趁著大蜈蚣沒緩過勁來,怒晴雞火力全開, 地沖到大蜈蚣頭頂,連啄帶扒,轉眼間便將那大蜈蚣頭頂給扒出一個大血洞。
「嘶……」
這一次,大蜈蚣的聲音听起來更加刺耳。
顯然,怒晴雞這一下徹底命中了它的要害。
「轟!」
大蜈蚣的身體高高彈起,又重重落下,隨之不停地撲騰著,翻滾著,令得地面堅硬的花崗岩紛紛碎裂,四下里飛濺。
怒晴雞並沒有趁勝攻擊,翅膀一扇騰空而起。
畢竟這時候那只大蜈蚣已是強弩之末,沒有必要與之拼命。
果然,翻騰了一會,大蜈蚣的動作明顯慢了下來,廣場上濺滿了腥臭的血液與黏液。
怒晴雞又找到了出擊的機會,趁著大蜈蚣翻滾之時,又是一記俯沖……
「噗!」
這一次,直接抓破了胸腔位置。
連帶著一顆散發著微光的珠子也被它抓了出來。
這顆珠子,正是六翅蜈蚣的內丹。
不過,許長安這次倒不用擔心內丹又一次被怒晴雞給獨吞。
怒晴雞本就通人性,上次吞了蠍子娘的內丹,進化了一次,靈智比起以前更高。
許長安早在出發之前就招呼過了,讓怒晴雞一定要將內丹留著,可不許再貪心了。
怒晴雞已經認他為主,而且,許長安還用真氣助它以最快的速度將蠍子娘的內丹力量盡數吸收。
所以,許長安相信怒晴雞不會違抗他的命令。
果然,怒晴雞扒拉出內丹後,當下里便叼在口中向著許長安飛了過來。
「嘶~」
六翅蜈蚣失去了內丹,當即發出了一聲憤怒的嘶鳴,並向著怒晴雞追了過來。
只可惜,它本就受了重傷,再加入失去了內丹,實力大打折扣,怎麼可能追得上?
「好樣的!」
許長安一臉欣慰地看著怒晴雞贊賞了一聲。
紅姑也不由感嘆了一聲︰「這雞是真成精了。

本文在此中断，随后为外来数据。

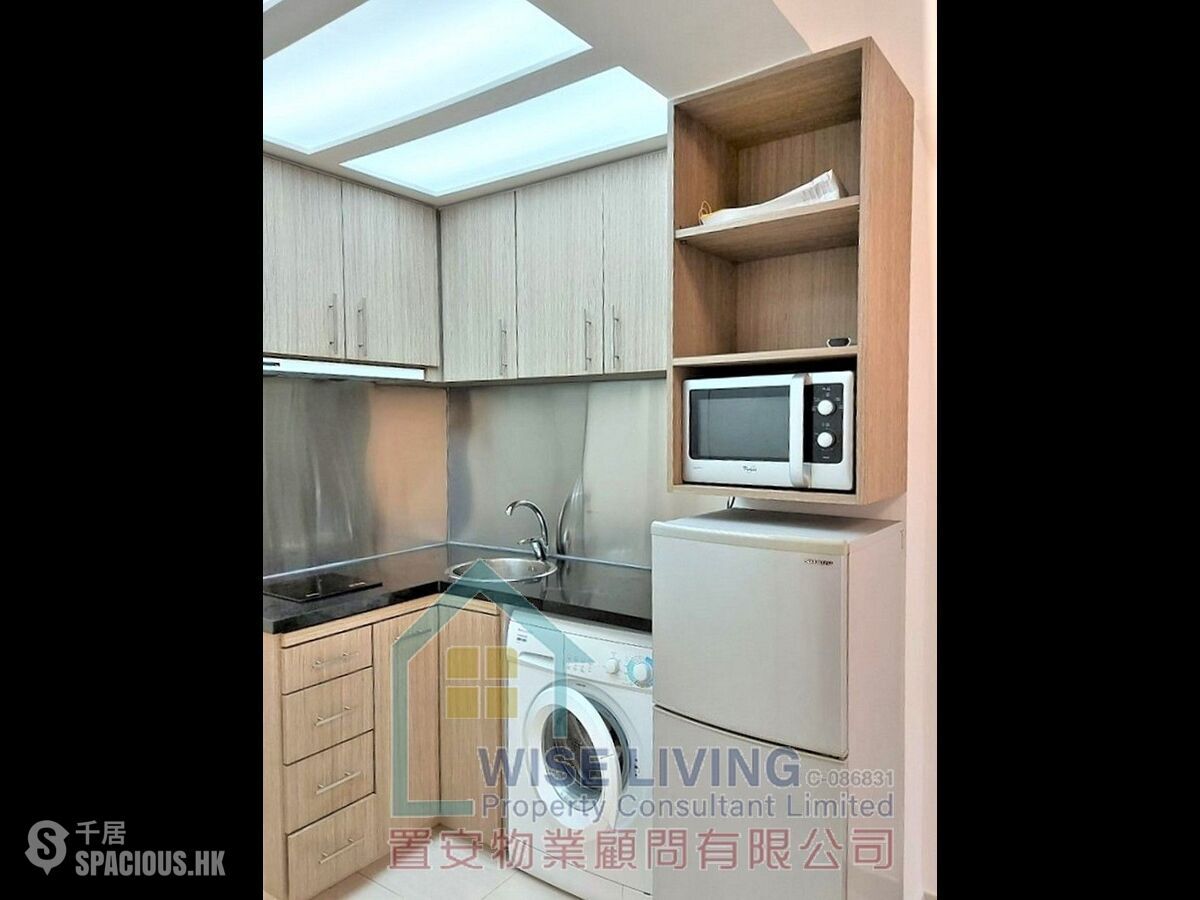 Sai Ying Pun - 4A, Second Street 01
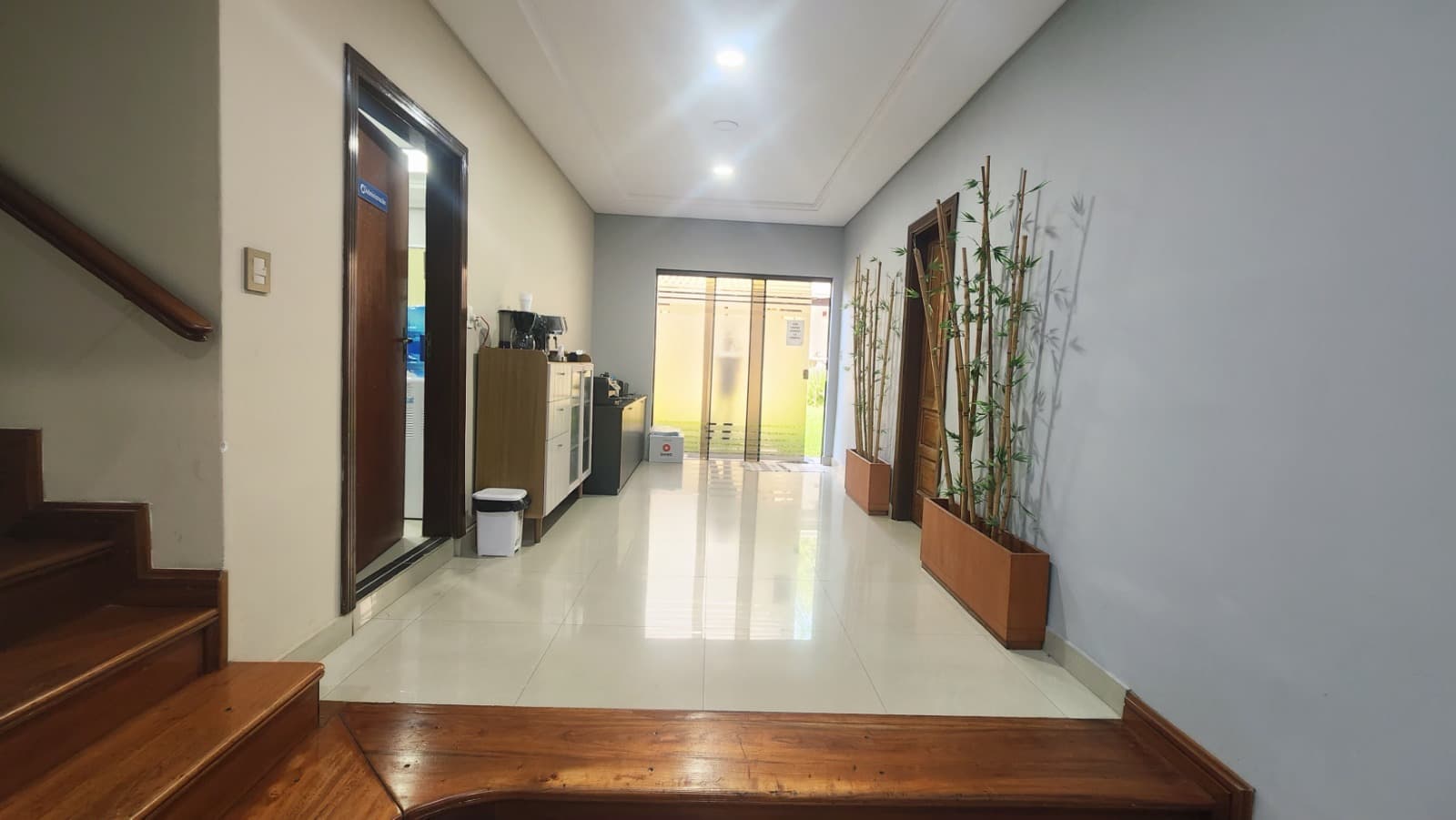 Residencia para oficina en los laureles — foto 5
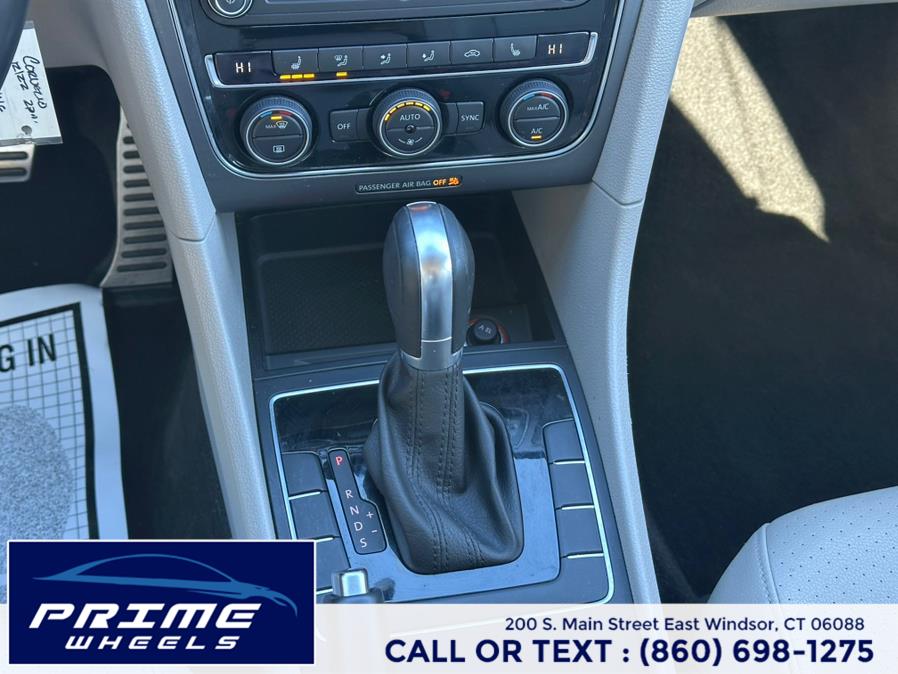 2016 Volkswagen Passat 4dr Sdn 1.8T Auto R-Line PZEV photo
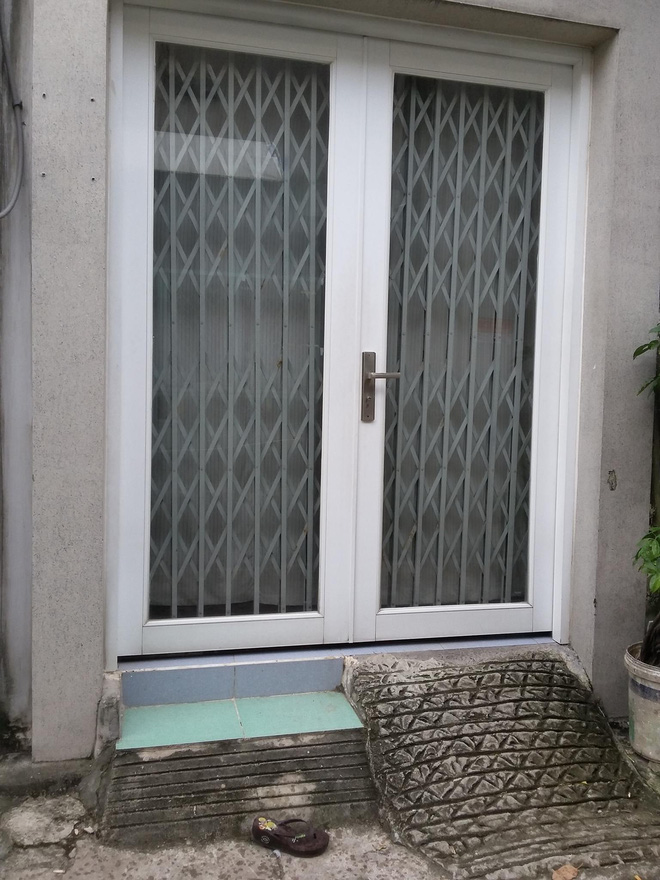 tphcm nghi be bi sac khi an chao bao mau lay tay an vao bung de so cuu be gai 9 thang tuoi tu vong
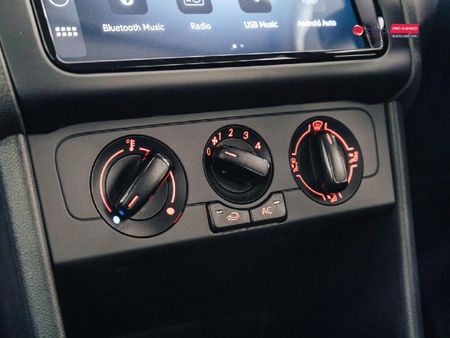 2026-Volkswagen-Polo-Vivo-14_15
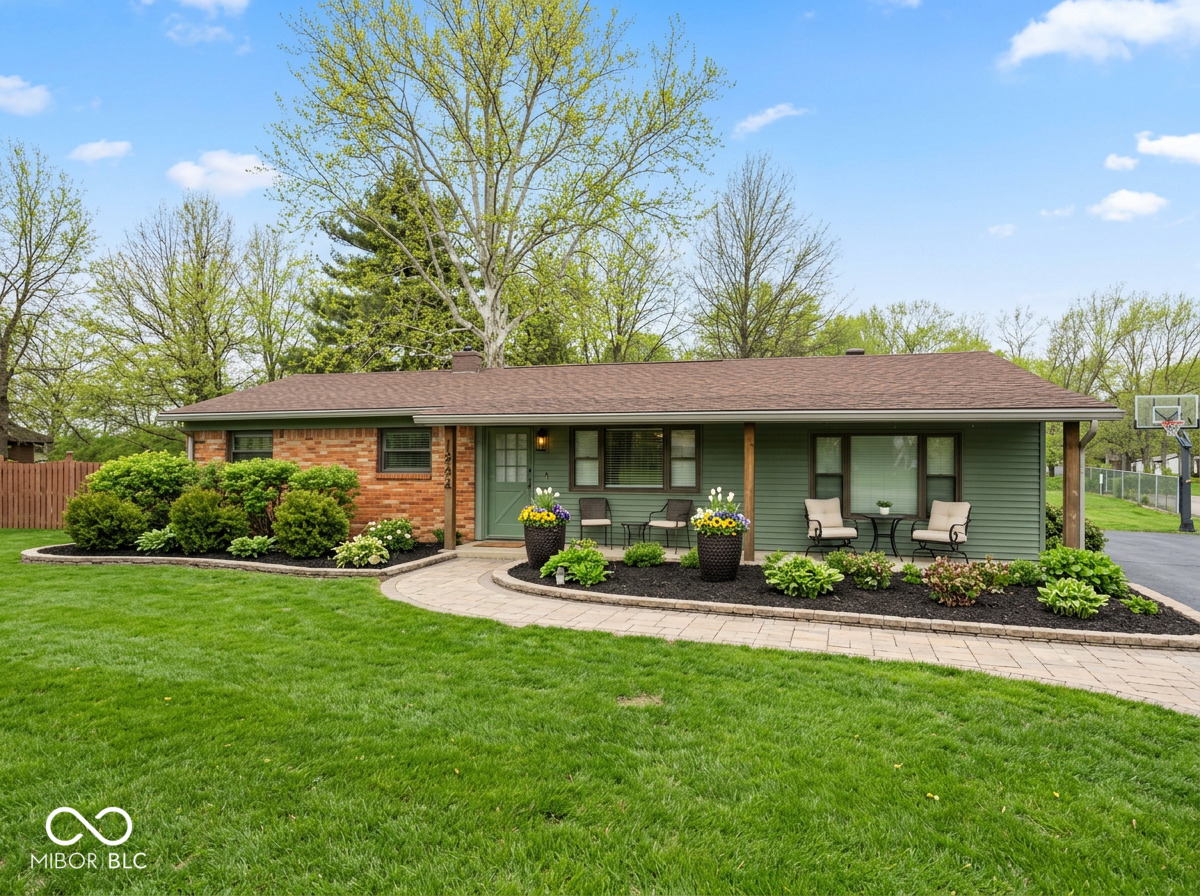 2023 W Orchard Drive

」
將內丹交給許長安之後,怒晴雞又掉頭飛回去繼續對付那六翅蜈蚣。
這一次可就輕松太多了。
面對失去了內丹力量支撐的六翅蜈蚣,怒晴雞幾乎就是一種碾壓式的攻擊。
同時,許長安、鷓鴣哨、紅姑、陳玉樓、老洋人也紛紛從旁助攻。
沒過多久,六翅蜈蚣終于耗盡了最後一絲力氣,龐大的軀體轟然倒向地面,徒勞地掙扎了幾下,終于歸于平靜。
陳玉樓長長吐了一口氣道︰「真是不容易……」
「是啊,」紅姑接口道︰「這一次,怒晴雞可算是立了大功。」
「對對對……」花瑪拐也忍不住道︰「沒想到這地宮中竟然還真的有……」
說到這里,下意識瞟了陳玉樓一眼,又道︰「真的有精精怪怪的東西。」
上次在攢館,他沖著棺材念叨了幾句,陳玉樓有些不滿,說什麼跟著他就不要信什麼鬼鬼怪怪。
現在親身經歷,總算是無話可說了。
解決了大蜈蚣之後,接下來的探險便相對輕松多了。
雖說出了一點小小意外,好在有驚無險。
最終,一行人來到了以前那些煉丹士煉丹的丹井。
里面一片狼藉,想來那個元代大將軍的手下早就將這里搜刮了數遍,里面已經找不到丹藥也或是藥草之類。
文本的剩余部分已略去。